Gross revenues was slightly lower at $636 million compared to $690 million in 2011 reflecting the conservative cash policy implemented in Egypt, given the delays in collection of receivables, and also temporary suspension of Liquefied Petroleum Gas (‘LPG’) production in Kurdistan Region of Iraq following the damage to the LPG loading bay by a third party LPG tanker accident in June 2012. The company expects revenues to increase once new discoveries in Egypt are brought to production and the Kurdistan LPG loading bay is repaired by Q2 2013.
“Despite regional challenges over the past year, Dana Gas has achieved strong profit growth of 20% in 2012, as well as strengthening the cash position, and growing our operations, with production growth in the Kurdistan Region and new discoveries in Egypt,” said Dr. Adel Al-Sabeeh, Chairman of the Board of Dana Gas. “This combined with the proposed sukuk refinancing result and the international and regional high growth levels forecast for the natural gas industry, gives us considerable optimism for the company’s future, with our attention now firmly focused on how best to realize the value for the shareholders.”

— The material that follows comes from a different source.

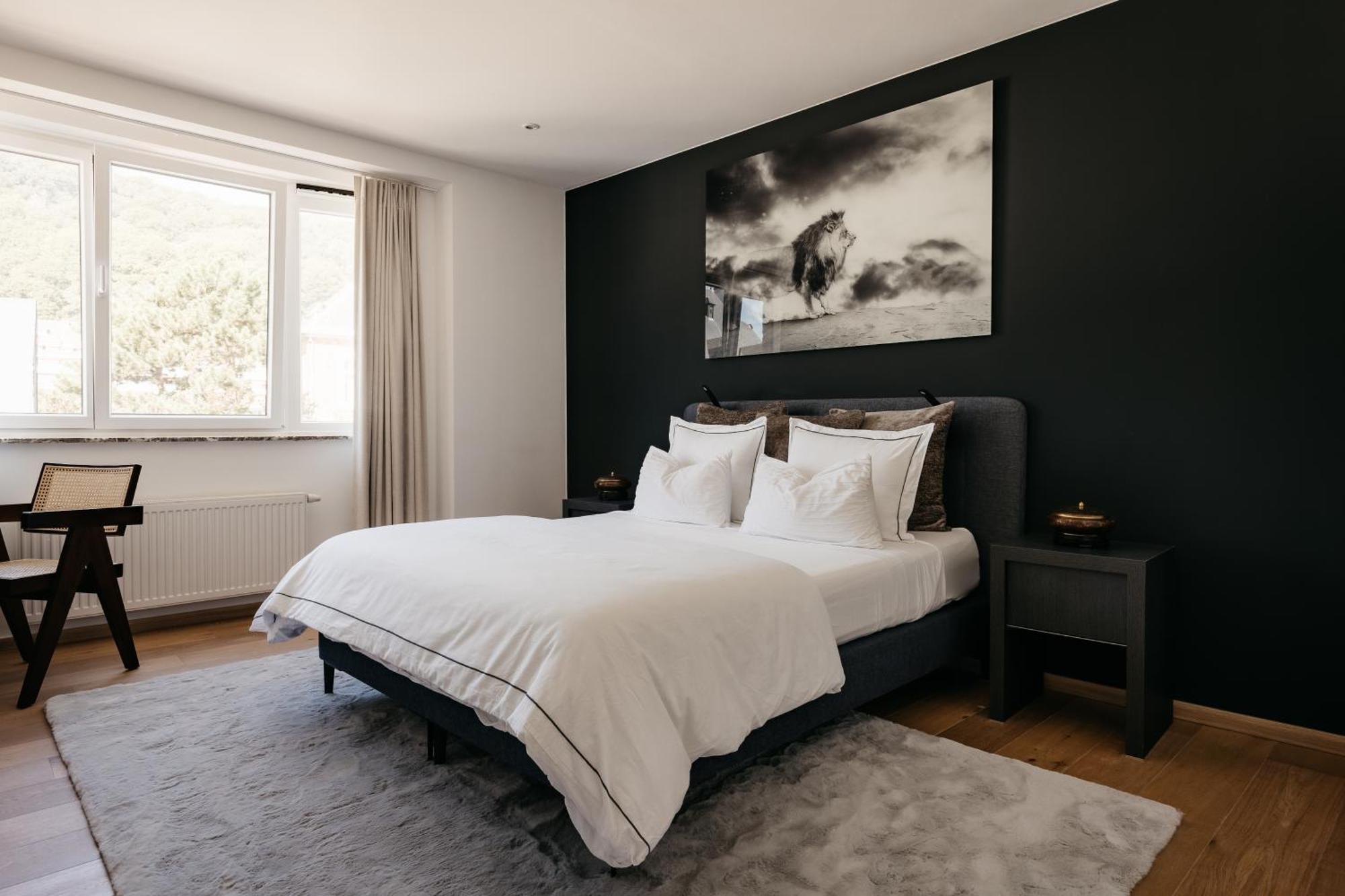 The Edgewater Suites - Park View Namur Bagian luar foto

In 2012, the Company’s net production averaged about 60,000 barrels of oil equivalent per day from its interests in the Kurdistan Region of Iraq and in Egypt, where operations remain unaffected by the recent unrest in some other parts of the country.
Dana Gas stated that a decrease in Egypt production to an average rate of just over 32,200 barrels of oil equivalent per day was due to the conservative cash policy that it implemented resulting in lower capital expenditure, given the delays in receivables that the Company experienced after the recent political changes.
Production levels in Egypt are expected to increase as the Company develops its three recently announced gas discoveries, and the Company is actively engaged in constructive discussions with the Egyptian authorities at high level to address the outstanding receivables in as short a time as possible.
In the Kurdistan Region of Iraq, the company continued to increase overall production, achieving a net average rate to the company of 27,500 barrels of oil equivalent per day. LPG production in Kurdistan is scheduled to resume in the second quarter of 2013 following completion of repairs to the LPG loading facilities, and the company is in discussions with the Kurdistan Regional Government to further expand production.
The company has also reached an agreement with the emirates of Sharjah and Ajman in the UAE regarding development of the Zora gas field, located 33km from the UAE coast line. The field will be developed using a single offshore platform linked to onshore processing facilities. Once on stream, Zora will provide a valuable source of gas for local power generation in the northern UAE.
With regard to receivables, Dana Gas collected a total of $143 million of its share from Kurdistan Region of Iraq and $163 million in Egypt. In December 2012, the Company’s Joint Venture in the Kurdistan Region of Iraq received $120 million from the payment made by the Federal Government of Iraq to the Kurdistan Regional Government, of which the Dana Gas share of 40% was $48 million. The Company continues to pursue outstanding receivables in Egypt and the Kurdistan Region of Iraq through high level, constructive discussions with the relevant authorities.
Rashid Al-Jarwan, executive director and acting chief executive officer of Dana Gas, added: “We are now preparing to develop our three recent discoveries in Egypt and the Zora offshore gas field in the UAE. We began production from our gas liquids extraction plant joint venture in Egypt in October 2012 and we continue to increase throughput and revenue from the plant. These projects will enable us to boost the growth that our operations have achieved consistently over the past seven years.”